From 1941 to 1945, some 45,000 prisoners were held at Camp Amersfoort under the direct command of the SS.

National Monument Camp Amersfoort. Credit: Wikimedia Commons.
National Monument Camp Amersfoort. Credit: Wikimedia Commons.

A museum built on the site of a former Nazi concentration camp in the Netherlands was inaugurated on Monday, also the 76th anniversary of the day the camp was handed over to the Red Cross and liberated.

National Monument Camp Amersfoort on the border of Leusden and Amersfoort is a large, underground museum that showcases portraits and stories of those who were imprisoned at the facility. Those who attended the inauguration ceremony on April 19 included former Camp Amersfoort prisoner Arie van Houwelingen and Dutch Prime Minister Mark Rutte.

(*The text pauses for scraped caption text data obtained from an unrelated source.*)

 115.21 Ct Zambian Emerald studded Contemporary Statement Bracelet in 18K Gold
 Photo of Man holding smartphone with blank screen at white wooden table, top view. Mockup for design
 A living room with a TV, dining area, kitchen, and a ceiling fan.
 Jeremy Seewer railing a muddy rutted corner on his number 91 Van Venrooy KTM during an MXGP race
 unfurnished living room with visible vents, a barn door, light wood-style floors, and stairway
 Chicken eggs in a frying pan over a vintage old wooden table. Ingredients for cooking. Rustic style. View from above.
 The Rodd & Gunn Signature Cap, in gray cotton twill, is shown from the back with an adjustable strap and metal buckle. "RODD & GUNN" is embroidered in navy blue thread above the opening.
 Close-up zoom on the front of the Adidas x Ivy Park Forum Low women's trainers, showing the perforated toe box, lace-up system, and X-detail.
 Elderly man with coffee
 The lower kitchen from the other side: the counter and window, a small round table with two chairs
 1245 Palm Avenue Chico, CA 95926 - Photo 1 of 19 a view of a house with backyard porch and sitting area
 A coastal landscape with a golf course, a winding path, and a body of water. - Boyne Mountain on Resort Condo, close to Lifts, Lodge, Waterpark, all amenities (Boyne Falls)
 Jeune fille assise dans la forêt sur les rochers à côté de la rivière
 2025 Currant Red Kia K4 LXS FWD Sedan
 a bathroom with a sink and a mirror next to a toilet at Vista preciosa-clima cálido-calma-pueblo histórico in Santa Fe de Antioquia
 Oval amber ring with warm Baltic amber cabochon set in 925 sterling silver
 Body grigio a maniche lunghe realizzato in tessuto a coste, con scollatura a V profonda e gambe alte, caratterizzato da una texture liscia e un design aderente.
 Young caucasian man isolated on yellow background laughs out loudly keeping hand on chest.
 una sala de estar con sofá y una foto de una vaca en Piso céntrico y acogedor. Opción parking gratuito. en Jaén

Annual commemoration gatherings take place at the former grounds of the Nazi camp, which was built in 1941.

From that year to 1945, about 45,000 prisoners were held at Camp Amersfoort, which was under the direct command of the SS, according to the museum’s website.

Records note that at least 850 of the prisoners at the camp were Jewish, though the museum said the real number is probably much higher.

The Jewish prisoners were eventually deported from Amersfoort to Westerbork, a transit camp in the northeastern part of the Netherlands where Jews performed forced labor before being sent to other concentration or extermination camps in Poland.

The museum is slated to open on May 11.